It was within a blink of an eye that the dethroned king of nightmares arrived to the outskirts of the small town of Amity Park, even less from there to the window of a brick house with an odd-shaped, green construction on top. However, the peculiarities of the house didn't even registered as he practically teleported inside a room in which a black-haired teen was tossing and turning in restless sleep, droplets of cold sweat running down the pale temple of the human.

As the unknown teen was clearly engulfed on a nightmare, Pitch's lips grew a fond, and let out an almost loving smile as feelings of full terror glowed out of the small body and gave Pitch a welcome embrace. A slender, grey hand touched the sweaty forehead with a caring touch while silver-gold eyes glowed with greed and hunger, making the sleeping whimper unknowingly.

Pitch stayed motionless besides the teen, clawing to the feeling emanating from him like a shipwreck would a table of wood.
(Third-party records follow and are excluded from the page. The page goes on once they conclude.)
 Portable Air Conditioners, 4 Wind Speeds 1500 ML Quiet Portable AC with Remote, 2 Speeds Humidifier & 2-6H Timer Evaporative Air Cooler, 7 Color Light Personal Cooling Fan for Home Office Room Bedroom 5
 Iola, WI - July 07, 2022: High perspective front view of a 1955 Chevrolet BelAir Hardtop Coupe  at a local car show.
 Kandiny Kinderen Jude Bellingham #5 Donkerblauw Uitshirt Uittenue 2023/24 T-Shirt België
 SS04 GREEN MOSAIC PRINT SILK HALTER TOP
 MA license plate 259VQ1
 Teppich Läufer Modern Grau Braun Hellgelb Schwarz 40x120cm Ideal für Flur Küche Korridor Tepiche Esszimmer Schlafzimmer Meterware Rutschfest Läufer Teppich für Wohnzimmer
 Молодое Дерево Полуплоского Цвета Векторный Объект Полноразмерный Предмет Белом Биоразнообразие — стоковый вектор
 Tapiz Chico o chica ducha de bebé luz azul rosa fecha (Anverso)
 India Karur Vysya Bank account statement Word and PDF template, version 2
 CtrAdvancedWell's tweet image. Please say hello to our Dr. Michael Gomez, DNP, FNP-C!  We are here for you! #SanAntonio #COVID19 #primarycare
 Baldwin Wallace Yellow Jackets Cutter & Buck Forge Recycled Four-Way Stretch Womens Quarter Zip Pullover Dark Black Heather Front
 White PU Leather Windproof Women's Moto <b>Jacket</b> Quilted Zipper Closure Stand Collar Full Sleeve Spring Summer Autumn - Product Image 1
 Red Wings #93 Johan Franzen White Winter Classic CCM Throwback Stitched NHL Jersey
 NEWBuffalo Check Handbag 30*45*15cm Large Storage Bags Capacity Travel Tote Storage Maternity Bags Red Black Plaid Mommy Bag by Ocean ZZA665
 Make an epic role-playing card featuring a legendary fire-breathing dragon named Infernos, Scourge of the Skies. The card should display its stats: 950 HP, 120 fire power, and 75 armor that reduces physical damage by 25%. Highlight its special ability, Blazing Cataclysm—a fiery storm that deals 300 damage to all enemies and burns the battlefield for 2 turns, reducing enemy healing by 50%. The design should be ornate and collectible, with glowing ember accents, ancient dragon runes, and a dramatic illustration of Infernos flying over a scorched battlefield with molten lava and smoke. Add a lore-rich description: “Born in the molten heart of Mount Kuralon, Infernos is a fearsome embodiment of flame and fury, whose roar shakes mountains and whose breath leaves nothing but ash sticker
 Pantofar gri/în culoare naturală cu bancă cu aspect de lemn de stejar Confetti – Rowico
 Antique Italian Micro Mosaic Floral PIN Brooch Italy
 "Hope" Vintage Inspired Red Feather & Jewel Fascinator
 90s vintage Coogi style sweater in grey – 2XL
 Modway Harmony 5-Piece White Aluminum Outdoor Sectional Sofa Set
For Pitch, it was as if the whole world had reduced itself to the boy in front of him.

Even though Pitch had focused every bit of his conscious and power towards the kid within his sight, there was something interfering with his ability to feed off from him —which he intended. As Pitch tried to grasp the power the fright in the boy would provide, it let him pass through like an untouchable fog. It was like he was being offered the world through a wall of glass; Pitch could practically savor the palatable fear, but the quelling thirst in his throat was not being at all satiated. But he kept on trying: the promise of what would come to him if he reached forwards was so unattainably sweet, so delightful yet tormenting in its unattainable state.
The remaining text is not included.